This month’s T-SQL Tuesday, “Aggregate Functions” is hosted by Jes Schultz Borland (Blog/Twitter) aka grrlgeek.
The Task
One of my duties as a development DBA is to verify our databases are set up the same in each of our environments. One of the tasks of this duty is to verify our static data/look-up tables are all the same in each environment. I’ve got a good method for writing the insert/update statements – see this post – but I still need to verify the values are the same in our static data tables. My tool of choice is the CHECKSUM_AGG function.
How do I do this?
The easiest way I’ve found to do this is to take the BINARY_CHECKSUM of each row in a table that has static data in it (i.e. no datetimes, timestamps, etc). Then I take the CHECKSUM_AGG of the each row’s binary_checksum – thus giving me a Checksum for the entire table. I do this on the same table in two different environments and I compare the value. They will be equal if the values in the tables are the equal. For a more in depth explanation of this, see this post.
How this grew…
This method described above is easy to do for one table manually, but I’m responsible for approximately 10 to 50 static data tables in each of our 15 databases – in each of our five environments per project, so I needed to automate it. The good news is that we’ve got good naming standards for our tables, so all the static data tables end in “Type”. So I created a script that would calculate a CHECKSUM_AGG of all the BINARY_CHECKSUMs of each of the tables ending in “type” in a database, I could export that to excel, run the same script on a different server and compare the results. This worked for a bit, but I was doing the same thing on each database, so I added a bit of logic to include specified databases to my original script. Now, I run this script on each server and I compare the results.
The script:
A couple of highlights, the vSQLCall is included in the final output, so if there is a difference in values, you can easily run the single table script and compare the values of each row. (I had to do this one time as an update statement that was missing a period and the values were different.) Also, forgive the combination of temp tables and table value parameters – I like a temp table for the final results, so I can work with it and not drop it.
Create table #TestTable
(ID int NOT NULL IDENTITY (1, 1),
ServerName varchar(255),
DBName varchar(255),
TableName varchar(255),
vSQLCall nvarchar(2550),
ChecksumVal varchar(255))
--Add default for blank column
ALTER TABLE #TestTable ADD CONSTRAINT [DF_testtable] DEFAULT (' ') FOR [vSQLCall]

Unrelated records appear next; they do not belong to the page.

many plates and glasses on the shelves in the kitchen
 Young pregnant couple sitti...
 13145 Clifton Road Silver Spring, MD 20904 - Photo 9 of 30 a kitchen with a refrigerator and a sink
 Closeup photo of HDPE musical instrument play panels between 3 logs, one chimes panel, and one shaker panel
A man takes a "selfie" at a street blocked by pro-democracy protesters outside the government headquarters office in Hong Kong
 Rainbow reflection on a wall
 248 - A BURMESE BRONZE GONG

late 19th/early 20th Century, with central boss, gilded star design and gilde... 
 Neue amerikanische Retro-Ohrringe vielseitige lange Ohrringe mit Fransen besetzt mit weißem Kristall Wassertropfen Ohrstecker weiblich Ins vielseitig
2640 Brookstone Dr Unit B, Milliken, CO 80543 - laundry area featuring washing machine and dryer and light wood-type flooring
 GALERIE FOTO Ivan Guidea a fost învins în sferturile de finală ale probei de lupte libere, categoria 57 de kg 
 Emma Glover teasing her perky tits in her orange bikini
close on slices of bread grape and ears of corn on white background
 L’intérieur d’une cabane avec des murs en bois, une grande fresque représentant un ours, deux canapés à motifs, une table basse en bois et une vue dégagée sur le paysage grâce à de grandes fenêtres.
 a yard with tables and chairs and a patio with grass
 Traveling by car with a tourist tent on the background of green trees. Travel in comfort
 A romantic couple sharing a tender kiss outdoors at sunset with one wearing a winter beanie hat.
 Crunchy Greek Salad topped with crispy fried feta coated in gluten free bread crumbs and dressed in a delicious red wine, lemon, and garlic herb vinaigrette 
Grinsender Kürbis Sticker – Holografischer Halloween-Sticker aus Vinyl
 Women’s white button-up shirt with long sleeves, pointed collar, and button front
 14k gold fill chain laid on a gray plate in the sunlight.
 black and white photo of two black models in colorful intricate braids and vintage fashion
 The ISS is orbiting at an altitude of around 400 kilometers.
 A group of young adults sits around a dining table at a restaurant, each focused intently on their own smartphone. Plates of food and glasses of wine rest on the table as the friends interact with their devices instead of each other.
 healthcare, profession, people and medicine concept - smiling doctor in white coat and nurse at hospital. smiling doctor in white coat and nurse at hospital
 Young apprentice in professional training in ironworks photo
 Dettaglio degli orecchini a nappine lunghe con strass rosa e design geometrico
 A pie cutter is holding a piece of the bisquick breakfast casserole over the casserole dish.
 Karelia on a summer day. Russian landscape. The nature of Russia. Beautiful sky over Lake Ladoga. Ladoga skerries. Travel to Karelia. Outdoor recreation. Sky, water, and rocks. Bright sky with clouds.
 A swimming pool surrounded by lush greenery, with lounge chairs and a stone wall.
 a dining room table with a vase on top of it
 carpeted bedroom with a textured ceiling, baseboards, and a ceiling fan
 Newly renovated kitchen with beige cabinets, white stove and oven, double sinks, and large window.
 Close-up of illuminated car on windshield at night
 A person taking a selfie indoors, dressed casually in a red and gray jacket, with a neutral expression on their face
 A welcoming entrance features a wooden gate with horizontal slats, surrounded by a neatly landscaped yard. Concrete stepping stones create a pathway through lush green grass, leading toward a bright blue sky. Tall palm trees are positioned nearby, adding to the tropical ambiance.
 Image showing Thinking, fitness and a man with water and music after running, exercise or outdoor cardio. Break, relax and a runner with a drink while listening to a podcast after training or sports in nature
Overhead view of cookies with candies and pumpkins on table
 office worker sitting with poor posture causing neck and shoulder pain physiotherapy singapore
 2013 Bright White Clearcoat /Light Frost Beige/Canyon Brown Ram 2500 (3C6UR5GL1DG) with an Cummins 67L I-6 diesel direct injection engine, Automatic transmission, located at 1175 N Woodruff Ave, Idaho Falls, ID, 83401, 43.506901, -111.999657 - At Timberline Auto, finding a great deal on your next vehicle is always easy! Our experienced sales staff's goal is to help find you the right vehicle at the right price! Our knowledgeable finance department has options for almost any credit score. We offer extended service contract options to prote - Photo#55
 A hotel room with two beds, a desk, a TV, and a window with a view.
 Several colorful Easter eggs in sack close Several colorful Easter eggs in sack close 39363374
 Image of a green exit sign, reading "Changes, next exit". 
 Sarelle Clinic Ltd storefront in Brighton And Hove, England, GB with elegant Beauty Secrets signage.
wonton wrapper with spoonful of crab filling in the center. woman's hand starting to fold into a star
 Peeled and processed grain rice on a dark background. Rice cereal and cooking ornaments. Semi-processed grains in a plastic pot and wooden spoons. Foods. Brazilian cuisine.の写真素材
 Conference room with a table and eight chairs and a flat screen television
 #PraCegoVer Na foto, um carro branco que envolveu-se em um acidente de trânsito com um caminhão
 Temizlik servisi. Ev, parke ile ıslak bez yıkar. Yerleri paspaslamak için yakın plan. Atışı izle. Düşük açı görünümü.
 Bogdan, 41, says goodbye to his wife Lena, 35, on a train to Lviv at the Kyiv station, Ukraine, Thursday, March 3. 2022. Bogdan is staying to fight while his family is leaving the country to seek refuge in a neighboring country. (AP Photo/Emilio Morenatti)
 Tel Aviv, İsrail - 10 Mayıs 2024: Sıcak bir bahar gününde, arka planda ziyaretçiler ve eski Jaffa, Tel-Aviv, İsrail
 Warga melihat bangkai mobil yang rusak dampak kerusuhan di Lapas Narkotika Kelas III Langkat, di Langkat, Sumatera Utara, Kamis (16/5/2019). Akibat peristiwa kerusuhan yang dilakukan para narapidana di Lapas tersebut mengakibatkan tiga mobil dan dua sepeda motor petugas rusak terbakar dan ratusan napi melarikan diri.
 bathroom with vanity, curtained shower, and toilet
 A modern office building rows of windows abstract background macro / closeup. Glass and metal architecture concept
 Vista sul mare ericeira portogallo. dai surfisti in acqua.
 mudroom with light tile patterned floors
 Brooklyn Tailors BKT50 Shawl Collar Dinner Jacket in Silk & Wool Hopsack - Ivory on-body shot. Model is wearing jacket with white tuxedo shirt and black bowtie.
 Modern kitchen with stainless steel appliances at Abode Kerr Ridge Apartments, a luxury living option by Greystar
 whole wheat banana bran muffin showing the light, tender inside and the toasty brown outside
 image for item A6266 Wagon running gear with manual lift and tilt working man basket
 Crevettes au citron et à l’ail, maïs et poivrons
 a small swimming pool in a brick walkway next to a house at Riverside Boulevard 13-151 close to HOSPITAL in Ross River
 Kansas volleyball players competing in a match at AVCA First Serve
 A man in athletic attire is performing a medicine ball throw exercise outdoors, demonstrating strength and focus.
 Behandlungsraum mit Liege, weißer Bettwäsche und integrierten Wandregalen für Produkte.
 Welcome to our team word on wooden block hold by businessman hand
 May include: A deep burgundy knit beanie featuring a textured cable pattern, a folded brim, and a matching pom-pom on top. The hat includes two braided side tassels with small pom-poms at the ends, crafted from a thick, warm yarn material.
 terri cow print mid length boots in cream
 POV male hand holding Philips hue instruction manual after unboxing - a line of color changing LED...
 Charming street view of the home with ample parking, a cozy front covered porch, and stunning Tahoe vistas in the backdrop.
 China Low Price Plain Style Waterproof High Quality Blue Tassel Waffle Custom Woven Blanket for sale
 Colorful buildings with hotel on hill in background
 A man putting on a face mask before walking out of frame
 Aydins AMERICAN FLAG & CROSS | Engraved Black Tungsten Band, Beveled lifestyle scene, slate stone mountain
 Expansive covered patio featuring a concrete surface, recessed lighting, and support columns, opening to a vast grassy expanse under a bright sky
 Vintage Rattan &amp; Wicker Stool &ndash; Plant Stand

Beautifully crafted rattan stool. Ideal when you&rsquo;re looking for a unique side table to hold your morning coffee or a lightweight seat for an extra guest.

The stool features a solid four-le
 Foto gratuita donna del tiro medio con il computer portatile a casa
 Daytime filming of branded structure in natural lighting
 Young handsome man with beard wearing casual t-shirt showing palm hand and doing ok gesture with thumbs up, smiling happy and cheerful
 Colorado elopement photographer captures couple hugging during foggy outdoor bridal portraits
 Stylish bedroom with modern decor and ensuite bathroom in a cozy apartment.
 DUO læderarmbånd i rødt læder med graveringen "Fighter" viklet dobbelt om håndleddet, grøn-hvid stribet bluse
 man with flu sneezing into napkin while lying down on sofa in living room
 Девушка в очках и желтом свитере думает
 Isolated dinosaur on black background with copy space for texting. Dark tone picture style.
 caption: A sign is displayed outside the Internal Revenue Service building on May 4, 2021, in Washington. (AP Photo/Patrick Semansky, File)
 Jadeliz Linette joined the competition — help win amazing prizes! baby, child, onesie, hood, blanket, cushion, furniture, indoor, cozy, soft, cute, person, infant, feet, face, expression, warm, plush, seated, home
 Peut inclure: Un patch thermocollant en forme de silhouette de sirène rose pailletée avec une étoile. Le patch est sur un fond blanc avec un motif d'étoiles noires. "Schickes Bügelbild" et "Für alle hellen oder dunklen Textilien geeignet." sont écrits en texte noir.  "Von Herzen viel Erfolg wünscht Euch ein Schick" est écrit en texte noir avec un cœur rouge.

-- A work table to track the databases and the server name
Declare @TestTableDBs Table
(ID int NOT NULL IDENTITY (1, 1),
ServerName varchar(255),
DBName varchar(255))
Declare @icount int,
@TopNum int,
@sql1 nvarchar(2000)
--Initialize variables
Set @icount = 1
--Fill up the databases to do...Change DB list here if scope changes.
Insert @TestTableDBs
Select @@ServerName, Name from master.sys.databases
where name in (<<DBNAME1 goes here>>, <<DBNAME2 goes here>>, <<DBNAME3 goes here>>, ....)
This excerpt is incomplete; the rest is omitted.